The first and most consequential decision in any RAG system for code is how to chunk the source files.

The most common approach in tutorials is RecursiveCharacterTextSplitter: split on a character count, with some overlap. This is the right tool for prose. It is the wrong tool for source code.

Character splits break functions at arbitrary boundaries. They separate docstrings from the function bodies they describe. They mix unrelated code into the same chunk because two functions happened to be close together in the file. The embedding model then has to make sense of a fragment that has no semantic coherence, and retrieval degrades accordingly.

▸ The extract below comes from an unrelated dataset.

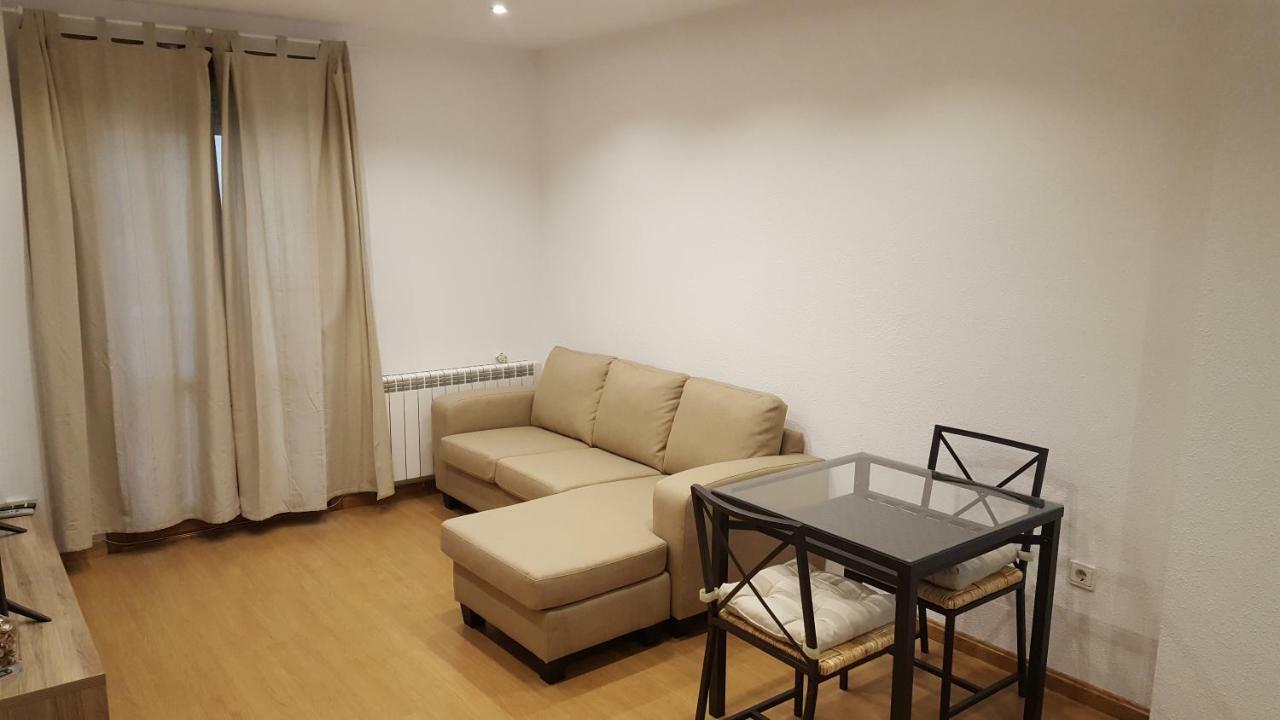 Apartamenticos Boggiero II سرقسطة المظهر الخارجي الصورة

The alternative is structure-aware chunking: use the AST to identify the natural boundaries in the code, and make each named block its own chunk.

I used tree-sitter for this. The `code_parser.py` module walks the AST of each source file and extracts top-level named blocks - functions, classes, methods - as atomic chunks. For a Python file with 10 functions, you get 10 chunks, each containing the signature, the docstring, and the full body of one function. For a JavaScript file with classes and methods, each method is one chunk.

Two decisions within the chunking strategy are worth explaining:

**No nested functions indexed separately.** The `_walk` function stops recursing the moment it hits a named block node. A nested function is included in its parent's chunk, not indexed as a separate unit. Indexing nested functions separately would duplicate context - the outer function already contains the inner one - and produce misleading chunk boundaries where the inner function appears without its surrounding context.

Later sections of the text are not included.